Quel San Giorgio, dove era finito nel febbraio 2011 per l’inchiesta sulla misteriosa scomparsa di Velia Claudia Carmazzi e Maddalena Semeraro, dal campo-alloggio di Torre del Lago (Viareggio) dove Remorini le aveva sistemate nell’estate del 2010. Va anche ricordato che dopo sei mesi, al termine del periodo di carcerazione preventiva, Remorini era tornato in libertà, in attesa dell’udienza preliminare e dell’eventuale rinvio a giudizio per la misteriosa scomparsa di madre e figlia. Che c’è stato: proprio venerdì scorso è infatti iniziato il processo in Corte di Assise, di fronte alla giuria popolare.

La Procura emiliana in questa nuova inchiesta addebita a Remorini di avere fatto parte del terzetto di banditi che il 17 febbraio ha compiuto una rapina a Imola, alla Banca di Romagna in via Orsini. L’inchiesta che ha portato all’arresto del commerciante viareggino ha visto impegnati polizia e carabinieri: gli inquirenti sarebbero arrivati a Remorini grazie ad intercettazioni telefoniche alle quali erano sottoposte due persone in Emilia, i suoi presunti complici. Si tratta di un siciliano trapiantato a Imola, il presunto organizzatore del colpo, e un giovane di Catania, salito a Imola proprio per prendere parte alla rapina. Remorini — per gli inquirenti — è un amico dei due e sarebbe stato coinvolto nel progetto dell’assalto alla banca.
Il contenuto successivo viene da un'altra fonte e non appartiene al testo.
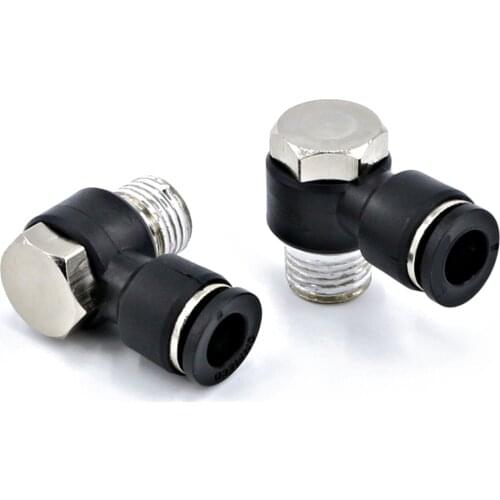 PH Pneumatic Quick Coupling Hose Trachea Black High Quality Outer Hexagonal Coupling Right Angle BPS 1/8 1/4 3/8 Quick Coupling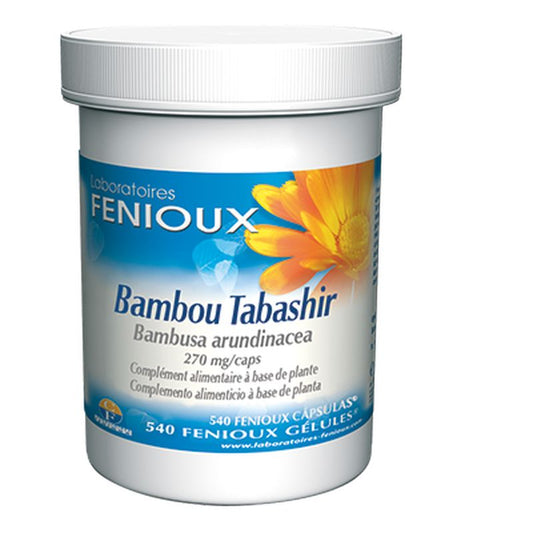 Fenioux Bambu Tabhasir , 540 cápsulas de 270 mg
Se il gip è arrivato a firmare la richiesta di custodia cautelare in carcere a carico dei tre, misura richiesta dal pubblico ministero, significa che ha in mano sufficienti indizi di colpevolezza. Proprio le intercettazioni avrebbero fornito a polizia e carabinieri la controprova di quel che avevano pensato fin dalle prime ore dopo la rapina. Vale a dire, che il colpo era stato pensato da qualcuno che abitava a Imola, con il supporto di "gente di fuori". Gli investigatori hanno probabilmente in mano anche altri elementi importanti con i quali hanno convinto il gip ad emettere il provvedimento. Delle tre persone colpite dall’ordinanza di custodia cautelare in carcere solo due sono state eseguite, la prima a Viareggio, la seconda a Imola. La terza, a Catania, è invece — stando ad indiscrezioni — andata a vuoto: la persona è comunque attivamente ricercata. Nel colpo alla Banca di Romagna il terzetto si era imposseessato di circa trentamila euro, dopo aver colpito con un pugno un cassiere.